The broadcast form is definitely the most concise and I’m guessing the least error prone.
My question is: Is broadcast also preferable to the manual loop because it does not unnecessarily specify an order of operation, making it easier for the compiler to optimize?
Support for efficient operations on more esoteric containers.
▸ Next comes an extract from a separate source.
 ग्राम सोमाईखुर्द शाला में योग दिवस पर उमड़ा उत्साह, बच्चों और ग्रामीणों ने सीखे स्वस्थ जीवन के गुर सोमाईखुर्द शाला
For example, broadcasting over a sparse array can avoid unnecessarily traversing all of the zero entries:
julia> function f_loop!(y, x)
for i in eachindex(y)
@inbounds y[i] = x[i]
end
end
f_loop! (generic function with 1 method)
julia> x = sprand(100, 100, 0.001);
julia> @btime y .= $x setup=(y = similar(x));
37.082 ns (0 allocations: 0 bytes)
julia> @btime f_loop!(y, x) setup=(y = similar(x))
60.394 μs (0 allocations: 0 bytes)
There’s an efficient way to iterate over only the nonzeros in a sparse array, but broadcasting is smart enough to do that for you.
I’m not entirely sure what you mean by “preferable” (some options: more performant, considered better style, etc.), but with loops please do note that the @simd annotation can be used to indicate to the compiler that the loop iterations are independent and can be reordered.
Note also that, even if they overlap almost exactly for functions of a single argument, they can mean different things for functions of two or more arguments.
I figured out that the loop version was using SIMD instructions once I applied @inbounds. I believe @simd wasn’t necessary because there is no reduction aspect of the problem I chose as an example.